» Assigned task
The expected response is the complete listing below, restated exactly, with its pictures omitted.

» Supplied information
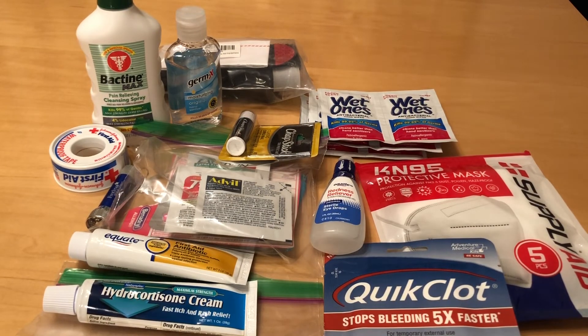So I'm adding a lot of extra bulk to the kit, but I really do want all of these items included. Next, I will show you what I'm removing and tell you why.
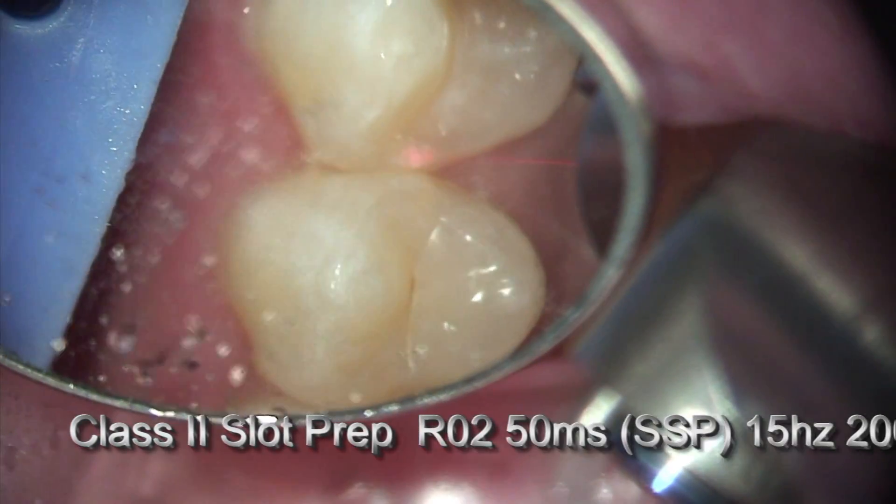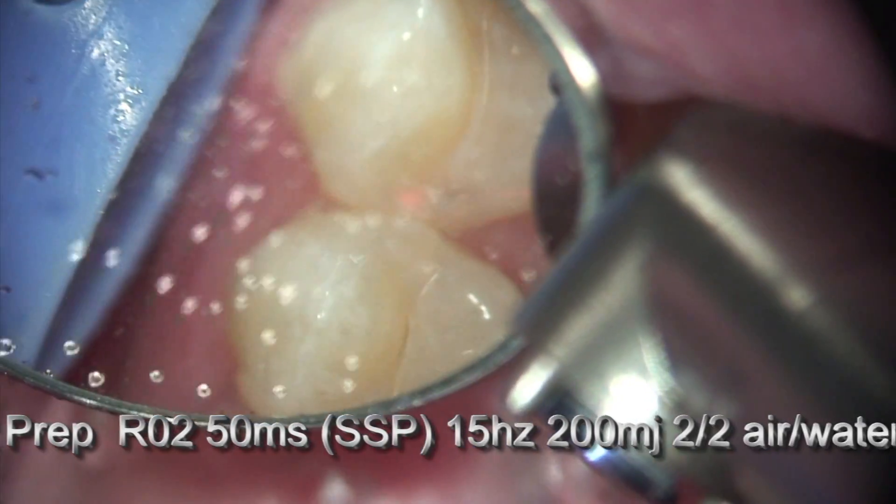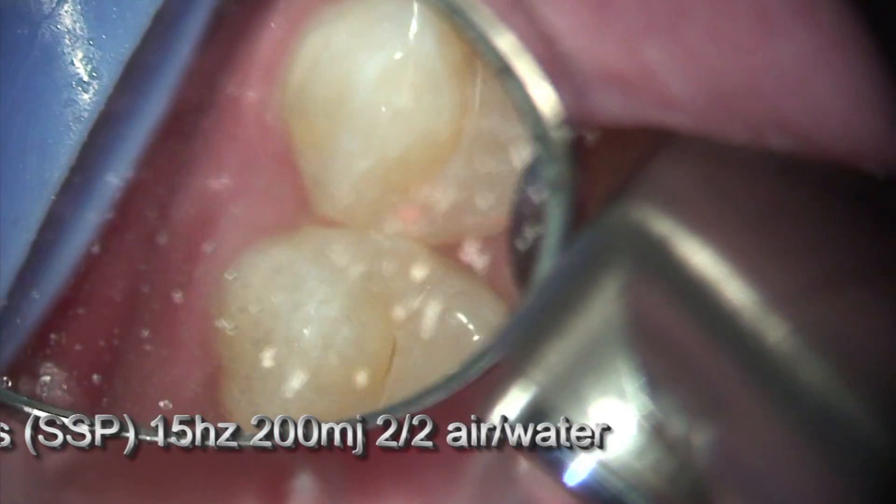Using the RO2 tipless handpiece with great visibility, I'm able to remove the marginal ridge quite efficiently and quite quickly.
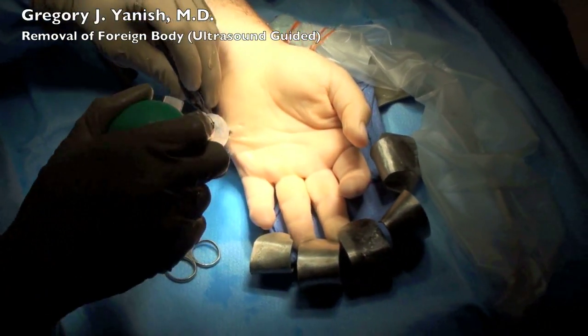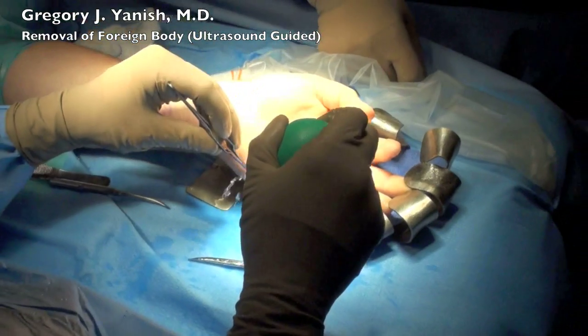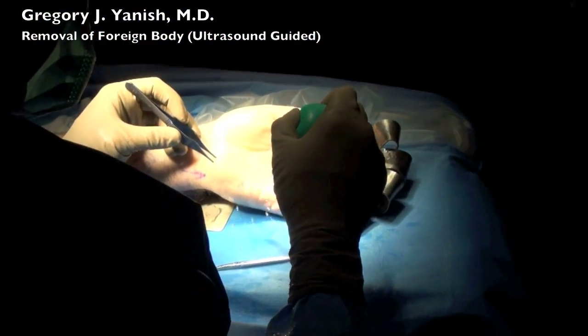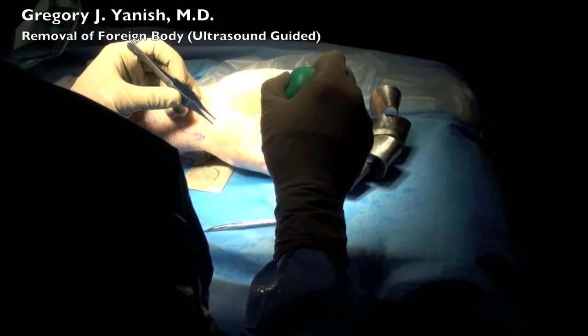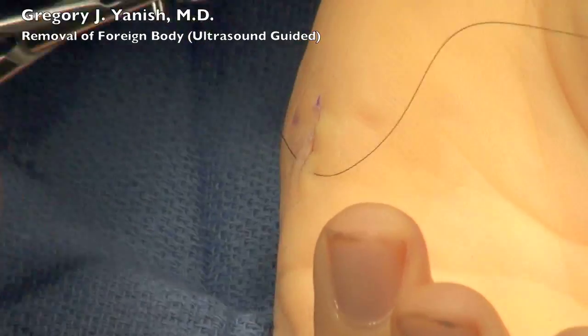In the operating room, we then took another x-ray and took a second look with ultrasound to make sure that all fragments had been retrieved, which they were. And then the wound was sutured closed once again.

» Problem solution
So I'm adding a lot of extra bulk to the kit, but I really do want all of these items included. Next, I will show you what I'm removing and tell you why.
Using the RO2 tipless handpiece with great visibility, I'm able to remove the marginal ridge quite efficiently and quite quickly.
In the operating room, we then took another x-ray and took a second look with ultrasound to make sure that all fragments had been retrieved, which they were. And then the wound was sutured closed once again.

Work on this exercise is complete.